So, I'm back from Disney World (and it was a lot of fun, good food, masks in abundance, thanks for asking), and I expect you've all filled out your ballots already and we can get on with book reviews.
Eh? You haven't touched the ballots since I left? Fine. No, no, that's fine. No worries. Let's just get this over with.
I mean, I understand. This is in many ways not an important election, but also is an important election because all elections are. When the Washington State Election Voters' Pamphlet showed up a couple weeks back, and it was a bit ... anemic, in the words of a friend. All the major statewide offices were up last year, and the only candidate for judge on my ballot (Court of Appeals, Div 11, Dist 1) is running unopposed (This outlet does not endorse in situations where there is only one candidate, but merely offer our congratulations).
In addition to a sparsity of statewide measures, the ballot leads off with is the lamest of the lame. We have is a trio of dreaded advisory votes, the lasting political legacy of anti-tax grifter and accused chair thief Tim Eyman. You've heard me whinge about advisory votes before - badly worded questions that scare people about tax measures that don't necessarily affect them. Close a loophole? That's a tax measure. Continue a tax? That's a tax measure. Fix a previous measure? Oh yeah, that's a tax measure.
And it doesn't mean much, other than a push-poll to allow you to growl at Olympia for using your hard-earned dollars for the community good. It is electoral spam. It wants to know if you want to sell your house. It's been trying to get in touch with you about your car's warranty. It claims to be from the Social Security administration, and wants you to know that it will be dispatching officers to your house unless you buy it a gift card. At its most charitable, it is a way of taking the political body's temperature, but not a very good one.
It is so bad that both the Seattle Times and the Stranger agree that it is pretty miserable as a method of trying direct democracy. AND the local progressives have put a web site, stating a lot of what I've been saying for years - that this a waste of time and effort, is used badly, and you should vote Maintained anyway.
OK, enough kvetching. Here is what they got.
Advisory Vote No. 36 - Engrossed Second Substitute House Bill 1477 - A tax on telephone lines to help expand and fund behavioral crisis response and suicide prevention. Yeah, Vote Maintained.
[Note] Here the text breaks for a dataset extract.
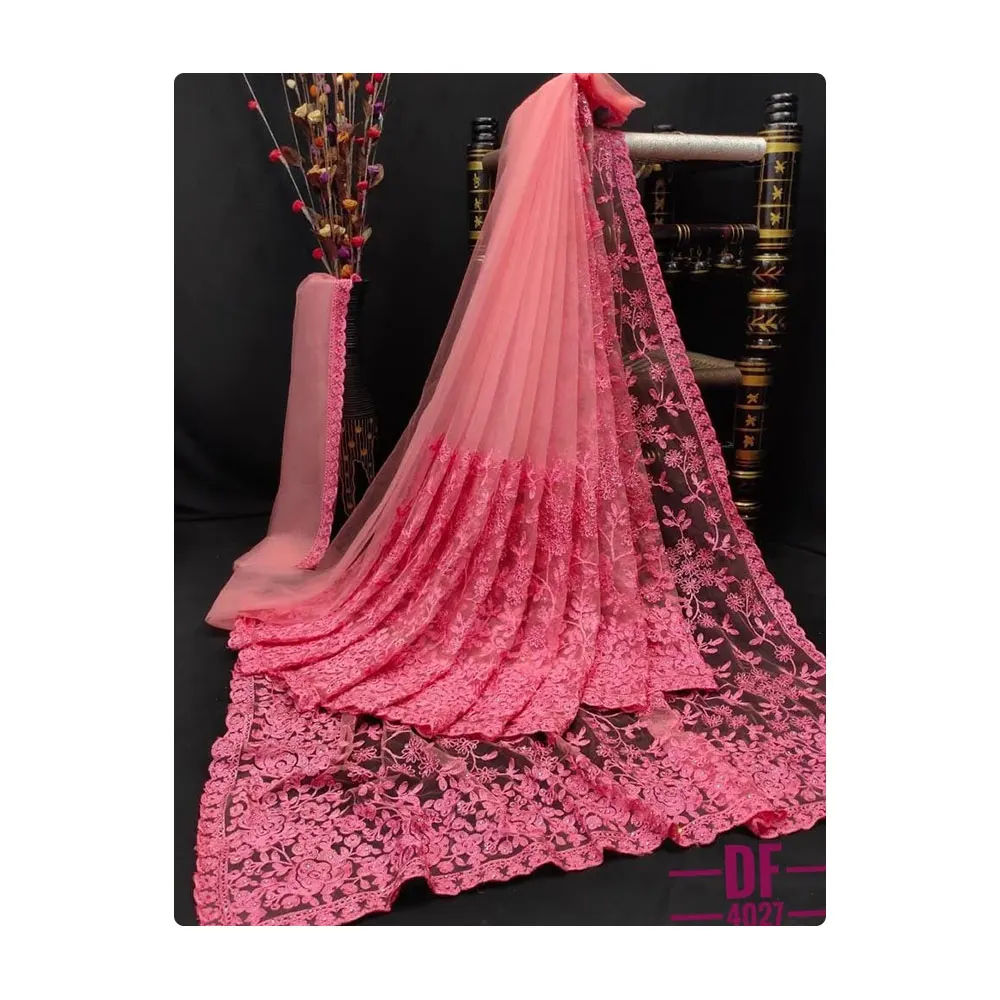 2023 Top Selling Soft Net Saree With Stone Work For Party Wear Available At Low Price From Bulk Exporter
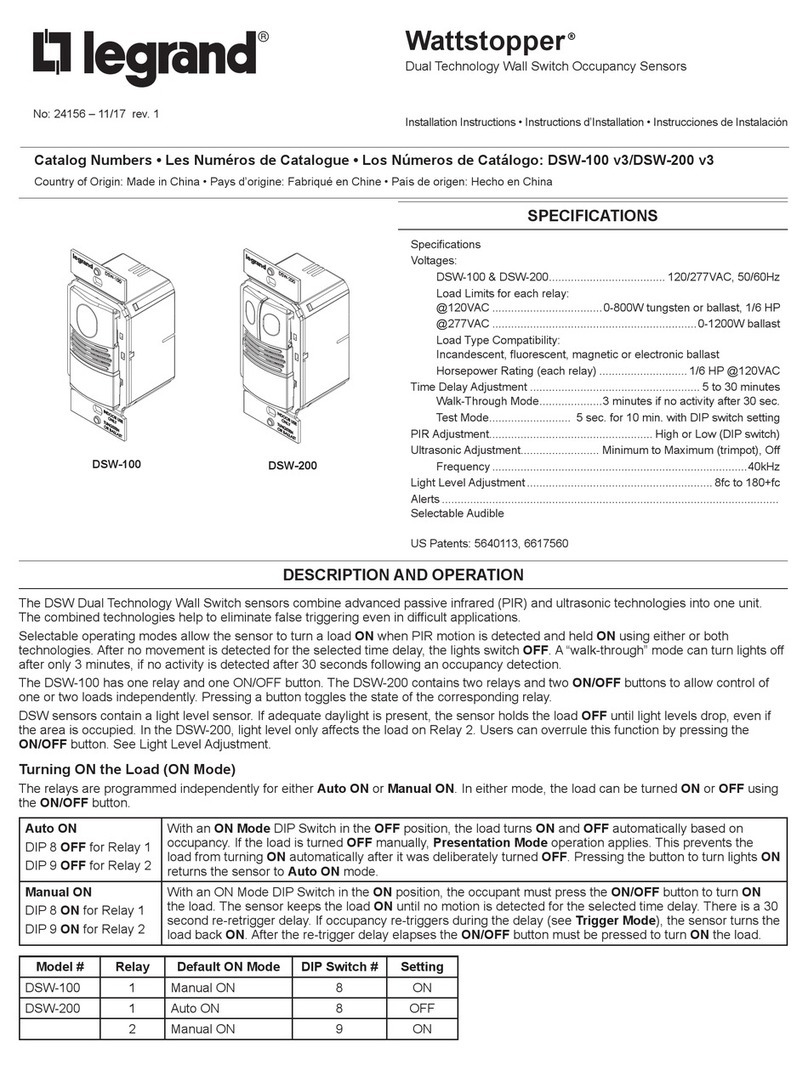 LEGRAND Wattstopper DSW-100 User manual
Advisory Vote No. 37 - Engrossed Substitute Senate Bill 5096 - A tax on Capital Gains over a quarter of a million bucks. You made over a quarter of a million bucks on Capital Gains? How nice. This is a pin-prick of a tax operating at that level, so naturally it must be stopped. Yeah, vote Maintained.
Advisory Vote No. 38 - Second Substitute Senate Bill 5315 - A tax on captive insurers. What is a captive insurer? It is when a company forms its own insurance company to offer insurance, effectively paying itself for health care without supervision and avoiding taxes that other insurance companies must pay. This closes a loophole in the existing laws, so, naturally, so it must be stopped. And of course, I say vote Maintained.